Passive solar greenhouse? Hmmm… Aren’t all greenhouses solar?
Well, yes, they are. But a passive solar doesn’t use any supplemental heating, like propane, to keep it warm at night. The insulating nature of the greenhouse panels helps hold in heat to some extent.
But how on earth could plants survive a cold winter night without a heater?
After lots of research, some passive solar methods have been developed that work quite well! These techniques include:
- Siting of the greenhouse to take advantage of the sun’s path
- Strategically placed insulation
- Using certain colors inside the greenhouse for heat conservation.
- Using a “heat sink” to store heat during the day so it can be released at night.
Table of Contents
Advantages Of A Passive Solar Greenhouse
Wonder what the advantages of a passive solar greenhouse are? Well, that’s pretty obvious:
- Grow plants longer during the season, or even year-round
- Economy – no extra heating costs
- Go green – a super-productive greenhouse without wasting fossil fuels:-)
So how can I use passive solar methods in my own greenhouse?
These techniques can be used in a DIY greenhouse as well as a greenhouse kit structure. Most can also be retrofitted into an already existing greenhouse.
Site location & orientation
Haven’t built your passive solar greenhouse yet? Great… Think location.
The sun beats strongest from the south (in North America). If you have a greenhouse with one wall predominantly glazed to catch the sun, try to face that wall true south.
The long axis of the greenhouse should point east and west, with the solid, unglazed, or smallest wall to the north. It is also helpful, but not crucial if the north wall has some protection from the wind.
Sometimes, optimal site location just isn’t possible, due to trees or other large obstacles shading from the south. In this case, you can angle within 15 to 20° of true south and still catch 90% of the sun.
Or, choose a more favorable location. Plenty of sunlight is essential for greenhouses, and you want to grab as much of the sun’s free energy as possible.
Ideally, the greenhouse walls and glazing panels themselves have some built-in insulation. If you haven’t chosen your greenhouse yet, keep that in mind when selecting building materials or a kit.
When laying a foundation, whether concrete, pea gravel, or just weed mat, it would be very helpful to lay down a layer of rigid insulation board (found at building supply, usually pink or light blue sheets) before adding the top material. This is a cheap method to decrease heat loss through the ground.
Also, add sheets of the insulating board to the unglazed portions of the roof and north wall. Any solid walls should be heavily insulated.
Color is crucial!
Aside from the actual greenhouse panels (glass or plastic), paint the entire interior of the greenhouse glossy white. This reflects heat and light and gives the plants more even growing power. For surfaces that are not paintable, install white panels of plastic, such as cheap wall paneling. Just make sure they are waterproof and not pressboard. White.

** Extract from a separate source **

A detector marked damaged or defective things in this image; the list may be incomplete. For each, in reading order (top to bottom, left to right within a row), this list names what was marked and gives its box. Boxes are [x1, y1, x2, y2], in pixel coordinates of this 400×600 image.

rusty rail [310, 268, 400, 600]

The other important color for passive solar greenhouses is flat black. This color is used for the heat-absorbing water barrels we talk about next.
Storing solar energy – the “heat sink”
In order for your passive solar greenhouse project to work, you must have a way to store the heat gathered during the day, for release at night.

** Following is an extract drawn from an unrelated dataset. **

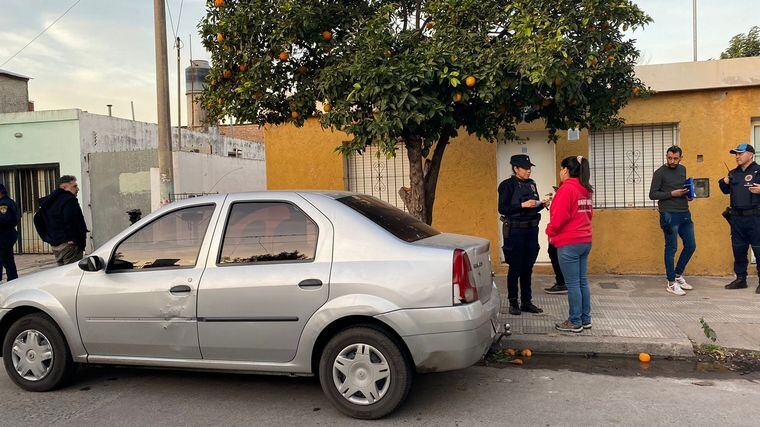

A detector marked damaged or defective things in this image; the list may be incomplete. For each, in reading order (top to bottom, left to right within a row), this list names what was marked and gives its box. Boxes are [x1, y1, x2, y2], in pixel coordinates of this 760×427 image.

A heat sink is any material that serves this purpose. Concrete walls and pea gravel flooring both help absorb heat. But the most reasonable and often used material is water, which has a great capacity for absorbing and storing heat.
At night, when the temperature drops, that stored heat is gradually released into the greenhouse.

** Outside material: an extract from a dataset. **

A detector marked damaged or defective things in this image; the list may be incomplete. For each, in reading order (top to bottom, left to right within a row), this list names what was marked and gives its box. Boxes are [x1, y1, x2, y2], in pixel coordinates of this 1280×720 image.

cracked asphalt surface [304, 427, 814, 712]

The heat sink is the heart of passive solar greenhouses.
So how do I make a water-based heat sink?
Heat sink for small greenhouses
For small greenhouses, 8×8 to 10×12, use clean plastic 1-gallon milk or water jugs. Nail together a simple bookcase-like frame, sized to hold rows of these jugs. Or get a carpenter friend to knock one together for you.
Use pressure-treated lumber, 1x6s should work well.
This is going to line the north wall of the greenhouse, so the sun hits it directly. First, line that wall with rigid insulation board and then place the wooden frame.
Ask friends and neighbors to save 1-gallon milk jugs with caps for you. Wash them out well and allow them to dry. Then spray paint them flat black. When thoroughly dry, fill with water, seal, and then line the jugs up on the shelves.
How many gallons? Depends on where you live.
Rule of thumb: For the south or middle states, use 2-3 gallons of water for each square foot of glazing (glass or plastic greenhouse panels). Northern climates would require at least 5 gallons of water for each square foot of glazing.
I know that sounds like a lot of milk jugs: just do the best you can. Also, remember the jugs will only last 2-3 years before degrading in the sun. Before that happens, start saving new jugs.
Heat sink for a large greenhouse
For larger greenhouses with plenty of room, the most popular water vessel is the 55-gallon drum, either black plastic or painted flat black. Again, you need an insulation board installed on the north wall prior to adding a bank of barrels. Then line up each barrel, fill with water, and seal.
The barrels can be stacked 2-high if the top barrels are secured in some way, like with chain or rope. Don’t want one of those things falling on you while you’re pruning tomatoes!
You can find these 55 drums cheaply if you look around: check online under industrial cleaning materials (they use them to store the solutions) or try craigslist, “55-gallon drums”.
For intermediate-sized greenhouses, you could use 5 gallon Homer buckets, painted flat black.
How much water? Use the same guidelines as above.
How The Heat Sink Works
As temperatures drop at night, the heat absorbed by the water vessels is radiated back into the greenhouse. When properly done, the temperature inside the greenhouse stays an average of 20 to 30° warmer than outside, even in the dead of winter!
Worth all the trouble now, isn’t it?
[Diagram courtesy Missouri.edu]
If the greenhouse is unused and unheated during the winter, remove the buckets or empty out the water so it doesn’t freeze and destroy the buckets.
What about summertime?
Remove the water buckets to avoid adding too much heat at night. Insulation should be left in place as it protects against heat transferring in. Strategic use of vents and fans help cool the greenhouse down in hot weather.